DataB4 wrote:
I wonder if dojos will eventually take up that marketing challenge then. Also, if only martial arts weren't so expensive. I admire that you learn from the videos and try to practice even without a partner. I hope you can find a class, or at least a partner, at some point.
thank you... the only person who expresses any concern or belief in these aspirations offline is a therapist.
unfortunately, yes, they’re typically expensive to learn, and especially so in california. can’t afford them personally, but have been offered past studies by family concerned about being a pedestrian around here... have had some odd experiences with people looking for a contact for something unknown in broad daylight. one seemed more than disgruntled about a past purchase... stopped at a light, and jumped out of his car in pursuit while ranting until it must have set in he wasn’t yelling at who he thought he was. from the distance the sound of his pace kept, all that could be done was to walk as if unrattled within a mediation(focusing on a point in the distance and walking without thought upon anything else) without turning around in case he had a gun, and didn’t wish to be identified.
it doesn’t always seem overpriced out of greed though, with as much as it costs for overhead, and whatever licenses are required. typically, that’s the problem, as unknown style names get glossed over for those that are made most familiar through popular media. it’s why there are many karate and kung fu studios... as the names are familiar, even though kung fu isn’t a style, and karate is often sold by the direct translation of either “empty hand” or “chinese hand”, and the garb the iconic japanese gi, because people will train in it even if they don’t know it isn’t actually karate(actually, shaolin white crane kung fu, was supposedly the inspiration for okinawan karate, and okinawan the inspiration for japanese karate... kind of interesting, as it means japanese karate is not a traditional art, it was refined to require great strength/resilience to be effective for self defense, and shaolin white crane was said to be devised by women for self defense like wing chun was.).
the ideal is to save a few true defense arts from being lost to the united states, open a studio somewhere affordable, yet not dangerous, and have a job that can pay the expenses so that students can choose to pay by donation if they wish or can... kind of like the teachers of old. it’s hard to imagine how though, as if to go into some medical field, the conscience would feel weighted if not to work in a free clinic. father says the nation is not as bad as california would make it seem... having lived in a few states elsewhere, he’s probably correct. just been here too long, and it’s too costly to stay, and very costly(in priorities... finished most of community college less than a decade ago, so it’d be faster and less expensive to transfer to an in state university) to leave.
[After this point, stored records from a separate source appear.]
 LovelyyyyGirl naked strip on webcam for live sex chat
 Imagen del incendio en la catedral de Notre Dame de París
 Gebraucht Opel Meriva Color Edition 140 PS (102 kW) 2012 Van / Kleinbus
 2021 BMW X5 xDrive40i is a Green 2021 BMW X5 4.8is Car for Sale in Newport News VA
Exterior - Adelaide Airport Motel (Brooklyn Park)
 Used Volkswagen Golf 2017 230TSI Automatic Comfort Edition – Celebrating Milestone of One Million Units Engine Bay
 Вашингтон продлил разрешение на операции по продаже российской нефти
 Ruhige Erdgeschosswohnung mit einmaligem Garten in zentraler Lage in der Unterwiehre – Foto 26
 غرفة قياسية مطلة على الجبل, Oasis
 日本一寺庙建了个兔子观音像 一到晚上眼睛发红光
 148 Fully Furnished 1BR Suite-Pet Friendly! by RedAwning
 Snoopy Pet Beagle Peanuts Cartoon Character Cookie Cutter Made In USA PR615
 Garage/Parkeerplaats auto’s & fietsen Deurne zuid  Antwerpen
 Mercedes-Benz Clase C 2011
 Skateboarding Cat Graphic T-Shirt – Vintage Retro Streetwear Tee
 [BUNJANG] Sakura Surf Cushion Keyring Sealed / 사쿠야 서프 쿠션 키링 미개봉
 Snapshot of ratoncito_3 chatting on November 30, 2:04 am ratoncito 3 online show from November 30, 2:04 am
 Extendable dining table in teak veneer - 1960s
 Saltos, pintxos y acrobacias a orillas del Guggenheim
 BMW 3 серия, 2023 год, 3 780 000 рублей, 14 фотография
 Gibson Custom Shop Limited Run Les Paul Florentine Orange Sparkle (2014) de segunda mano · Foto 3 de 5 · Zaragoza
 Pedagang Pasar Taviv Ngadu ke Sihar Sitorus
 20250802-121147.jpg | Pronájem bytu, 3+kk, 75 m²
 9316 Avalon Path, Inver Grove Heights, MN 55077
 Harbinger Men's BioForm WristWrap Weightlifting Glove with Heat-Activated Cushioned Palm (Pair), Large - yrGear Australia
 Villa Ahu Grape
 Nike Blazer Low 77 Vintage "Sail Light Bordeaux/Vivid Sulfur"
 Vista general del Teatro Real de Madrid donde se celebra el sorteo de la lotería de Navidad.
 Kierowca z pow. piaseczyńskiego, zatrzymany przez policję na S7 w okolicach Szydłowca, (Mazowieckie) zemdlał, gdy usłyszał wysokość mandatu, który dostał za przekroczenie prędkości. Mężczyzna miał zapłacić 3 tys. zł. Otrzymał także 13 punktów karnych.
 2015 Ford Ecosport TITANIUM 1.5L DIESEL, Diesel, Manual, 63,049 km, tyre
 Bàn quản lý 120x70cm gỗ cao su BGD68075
as for taking up the marketing challenge, wing chun has tried to, and it surely gets female students, but they aren’t exactly taking up roles in hong kong cinema, and traditional martial arts get nerfed in televised fights because the hands cannot be bound without having a debilitating effect to muscle memory, and reflex speed much like putting shoes on a graceful cat only makes it into a sullen and clumsy creature. there’s that, and traditional asian arts went beyond strength and focused upon efficient strikes to the nervous system, or ones that triggered autonomic responses(have to take into account that such people were often starving, not large, and weapons outlawed), of which, many are in regions that are off limits in any televised fight.